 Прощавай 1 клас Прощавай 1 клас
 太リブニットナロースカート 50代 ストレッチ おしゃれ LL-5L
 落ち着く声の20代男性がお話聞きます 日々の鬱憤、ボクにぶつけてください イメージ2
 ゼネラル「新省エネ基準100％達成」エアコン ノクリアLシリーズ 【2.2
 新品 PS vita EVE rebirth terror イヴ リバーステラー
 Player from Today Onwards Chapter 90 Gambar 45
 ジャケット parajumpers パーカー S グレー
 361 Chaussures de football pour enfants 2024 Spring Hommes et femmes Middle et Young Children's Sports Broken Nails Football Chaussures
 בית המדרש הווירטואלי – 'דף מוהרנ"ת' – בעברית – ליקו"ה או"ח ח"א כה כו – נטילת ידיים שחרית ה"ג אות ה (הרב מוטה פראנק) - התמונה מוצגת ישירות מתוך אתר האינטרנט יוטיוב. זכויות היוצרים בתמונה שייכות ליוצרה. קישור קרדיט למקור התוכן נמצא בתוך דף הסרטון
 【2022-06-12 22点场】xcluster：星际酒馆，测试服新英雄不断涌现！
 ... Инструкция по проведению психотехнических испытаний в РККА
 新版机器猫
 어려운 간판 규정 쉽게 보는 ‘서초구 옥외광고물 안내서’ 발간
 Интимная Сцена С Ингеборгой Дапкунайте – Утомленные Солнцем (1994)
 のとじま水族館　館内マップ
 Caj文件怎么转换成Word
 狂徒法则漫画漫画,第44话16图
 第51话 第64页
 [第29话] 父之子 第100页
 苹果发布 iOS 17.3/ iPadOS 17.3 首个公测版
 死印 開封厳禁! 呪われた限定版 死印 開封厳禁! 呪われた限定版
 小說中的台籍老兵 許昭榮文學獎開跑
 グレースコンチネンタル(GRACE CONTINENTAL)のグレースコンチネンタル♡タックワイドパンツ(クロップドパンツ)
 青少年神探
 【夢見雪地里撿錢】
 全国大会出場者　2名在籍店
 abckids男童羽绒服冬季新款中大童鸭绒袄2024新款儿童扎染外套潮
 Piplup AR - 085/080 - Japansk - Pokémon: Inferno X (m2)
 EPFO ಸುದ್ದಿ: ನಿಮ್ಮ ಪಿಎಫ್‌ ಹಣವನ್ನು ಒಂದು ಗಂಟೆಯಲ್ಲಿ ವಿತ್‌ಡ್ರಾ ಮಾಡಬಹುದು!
◆ ◆ ◆
▶ **Work required**: Retype the entries above exactly, but only from the line containing "落ち着く声の20代男性がお話聞きます 日々の鬱憤、ボクにぶつけてください イメージ2" through the line containing "ジャケット parajumpers パーカー S グレー", both included.

▶ **Task result**:
 落ち着く声の20代男性がお話聞きます 日々の鬱憤、ボクにぶつけてください イメージ2
 ゼネラル「新省エネ基準100％達成」エアコン ノクリアLシリーズ 【2.2
 新品 PS vita EVE rebirth terror イヴ リバーステラー
 Player from Today Onwards Chapter 90 Gambar 45
 ジャケット parajumpers パーカー S グレー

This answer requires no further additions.